◆ DATA SUPPLIED:
-=-=-

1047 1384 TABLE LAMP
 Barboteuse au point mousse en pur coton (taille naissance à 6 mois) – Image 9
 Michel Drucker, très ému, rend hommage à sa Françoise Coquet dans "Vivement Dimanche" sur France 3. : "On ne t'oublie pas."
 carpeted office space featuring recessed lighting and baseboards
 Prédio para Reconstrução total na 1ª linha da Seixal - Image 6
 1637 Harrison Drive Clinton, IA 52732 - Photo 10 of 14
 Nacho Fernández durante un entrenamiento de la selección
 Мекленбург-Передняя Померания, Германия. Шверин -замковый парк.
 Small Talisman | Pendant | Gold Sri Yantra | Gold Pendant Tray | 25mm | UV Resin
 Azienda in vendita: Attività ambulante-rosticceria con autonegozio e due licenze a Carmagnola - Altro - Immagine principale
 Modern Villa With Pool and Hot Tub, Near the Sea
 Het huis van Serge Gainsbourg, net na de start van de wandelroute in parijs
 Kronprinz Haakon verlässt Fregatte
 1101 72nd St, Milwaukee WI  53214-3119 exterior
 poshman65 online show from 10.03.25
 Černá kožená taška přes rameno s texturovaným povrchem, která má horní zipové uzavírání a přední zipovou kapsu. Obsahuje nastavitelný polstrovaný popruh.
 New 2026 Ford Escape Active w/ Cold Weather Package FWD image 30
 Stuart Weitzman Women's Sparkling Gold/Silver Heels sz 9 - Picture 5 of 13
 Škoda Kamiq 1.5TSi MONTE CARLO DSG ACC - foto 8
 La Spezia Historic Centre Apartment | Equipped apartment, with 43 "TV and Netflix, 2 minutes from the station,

-=-=-

◆ WHAT THE TASK ASKS: The entries above hold the needed span. Transcribe exactly the lines from the one with "Barboteuse au point" to the one with "Škoda Kamiq 1.5TSi", both included.

◆ YOUR SOLUTION:
 Barboteuse au point mousse en pur coton (taille naissance à 6 mois) – Image 9
 Michel Drucker, très ému, rend hommage à sa Françoise Coquet dans "Vivement Dimanche" sur France 3. : "On ne t'oublie pas."
 carpeted office space featuring recessed lighting and baseboards
 Prédio para Reconstrução total na 1ª linha da Seixal - Image 6
 1637 Harrison Drive Clinton, IA 52732 - Photo 10 of 14
 Nacho Fernández durante un entrenamiento de la selección
 Мекленбург-Передняя Померания, Германия. Шверин -замковый парк.
 Small Talisman | Pendant | Gold Sri Yantra | Gold Pendant Tray | 25mm | UV Resin
 Azienda in vendita: Attività ambulante-rosticceria con autonegozio e due licenze a Carmagnola - Altro - Immagine principale
 Modern Villa With Pool and Hot Tub, Near the Sea
 Het huis van Serge Gainsbourg, net na de start van de wandelroute in parijs
 Kronprinz Haakon verlässt Fregatte
 1101 72nd St, Milwaukee WI  53214-3119 exterior
 poshman65 online show from 10.03.25
 Černá kožená taška přes rameno s texturovaným povrchem, která má horní zipové uzavírání a přední zipovou kapsu. Obsahuje nastavitelný polstrovaný popruh.
 New 2026 Ford Escape Active w/ Cold Weather Package FWD image 30
 Stuart Weitzman Women's Sparkling Gold/Silver Heels sz 9 - Picture 5 of 13
 Škoda Kamiq 1.5TSi MONTE CARLO DSG ACC - foto 8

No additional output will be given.